Mas pelo menos que a Esquerda seja capaz de assumir quais os sacrifícios necessários para a recuperação dessa soberania que depois, pelas razões expostas, não lhe vai servir para nada. É o mínimo que deve aos eleitores. Por favor, ponham as cartas na mesa.

O registo histórico desse voluntarismo não é exatamente brilhante. Não é como se o João Ramos de Almeida disponha de bons exemplos para nos contrapor. Chamar aos outros escravos porque têm memória e não alinham com a vossa visão revela somente azedume, e um azedume impotente, como é aliás habitual...

Na batalha entre a razão e a vontade, a razão triunfa sempre no final. Nem que seja sobre ruínas...

João Ramos de Almeida disse...

Caro anónimo,
É bem verdade. Mesmo com as limitações inerentes ao actual quadro teórico liberal dominante há pelo menos 30 anos, mesmo assim encontra-se sempre mais dinheiro para cumprir certos fins - que talvez sejam bem vistos no edifício institucional dominante da UE - do que para outros fins, nomeadamente sociais - esses não são bem vistos por esse mesmo edifício institucional dominante na UE. E essa parte é, em geral - tem razão - omitida no discurso e na informação prestada ao público.
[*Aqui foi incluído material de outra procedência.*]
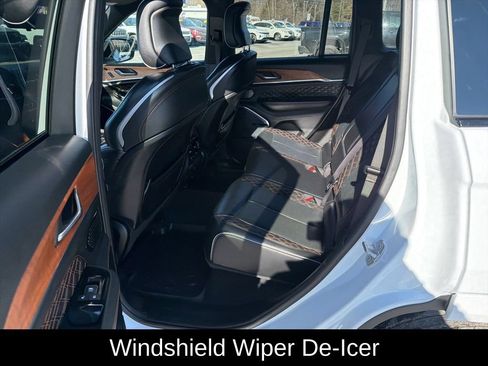 Used 2025 Jeep Grand Cherokee Summit AWD/4WD image 52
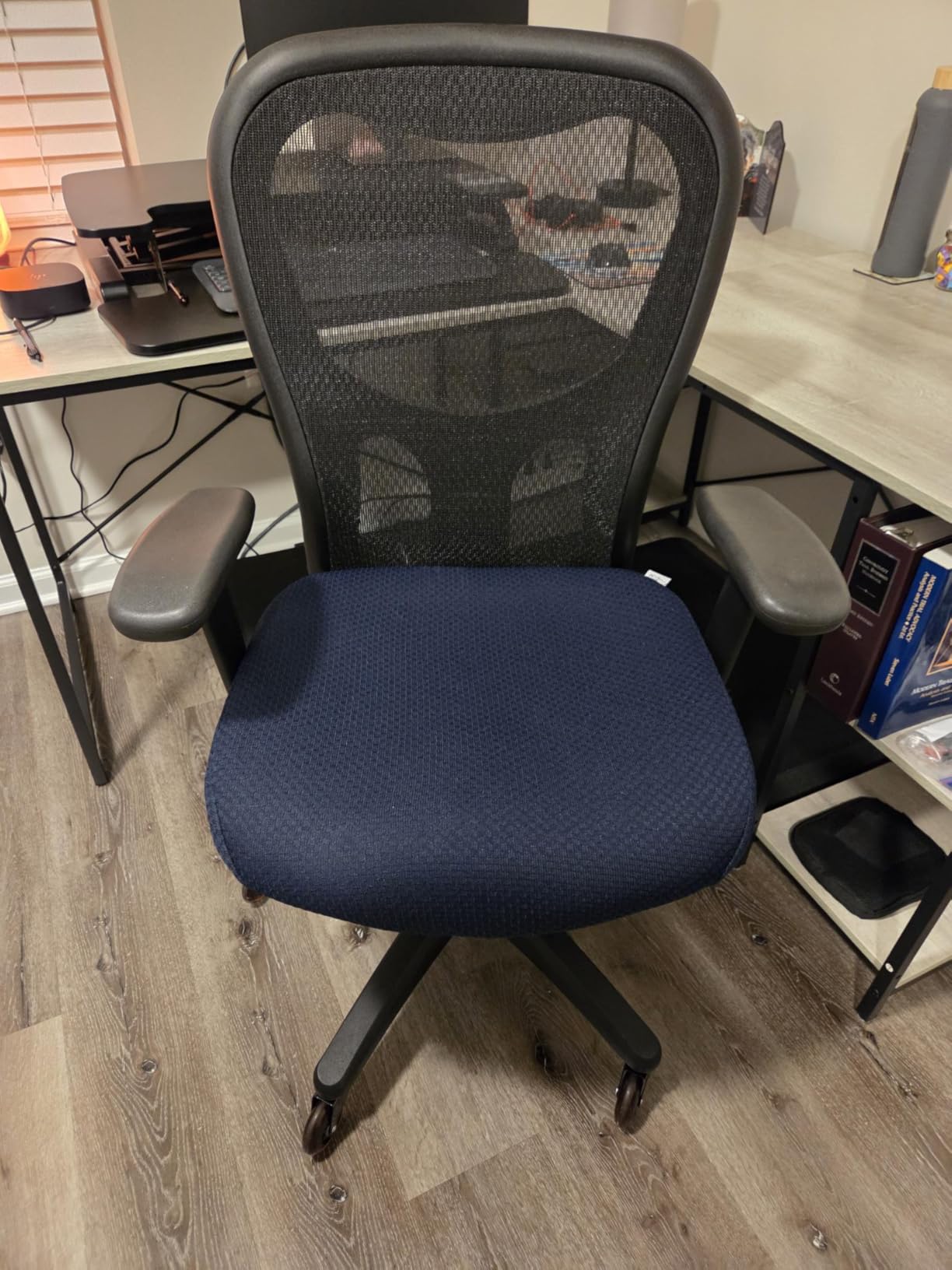 Tempur-Pedic TP9000C Mesh Swivel Task Chair with Tempur Material, Cooling Gel Layer, Adjustable Armrests, and Lumbar Support, Navy customer photo 1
Era como dizia Varoufakis: há os insiders e os outsiders. Quem vier "cá para fora" contar o que se passa "lá dentro", sabe que não terá um final feliz, politicamente.

E isto abre a deixa para ...

Caro Jaime,
A UE não pode ser como uma organização criminosa em que só se entra e nunca se pode sair com vida. Tem razão quando pede à esquerda que exponha com clareza todos os custos e sacrifícios de uma tomada de decisão que salvaguarde a soberania do país. E essa falta de visão conjunta faz inclusivamente falta para que a esquerda possa ter - e passar aos outros - uma visão para o país que não seja esta quase estagnação.

Mas recordo-lhe que o que me pede - e à esquerda - é algo que nunca pediu a quem defende o contrário.

Nunca se pede a quem faz parte deste corpo teórico dominante que contabilize todos os custos sociais da opção de "obeceder" a esta tal "organização criminosa" que impede um país - diria mesmo um conjunto de países - de respirar condignamente ou pelo menos de poder decidir o seu destino político, sem ter umas aves agoeirentas sobre o ombro a dizer "não podes fazer isto", "não vás por aí que te lixamos", "não dês mais direitos aos trabalhadores", "olha que te cortamos os fundos", "não podes reestruturar o teu banco público senão estás feito", "não podes reestruturar a tua companhia aérea sem despedir senão vais ver..."

Sabe, se quer mesmo que o debate seja limpo, então contabilizemos tudo. E vamos ver quem ganha. Mas duvido muito que a direita que gosta deste enquadramento - porque é o enquadramento que salvaguarda o status quo da desigualdade e a concentração da riqueza e da priopriedade - aceite esse desafio com lisura, e queira fazer essas contas: porque essa direita liberal apenas quer deter o poder de controlar os países endividados e colocá-los a financiar o centro europeu. Para quê alterar um sistema que tanto lhes dá?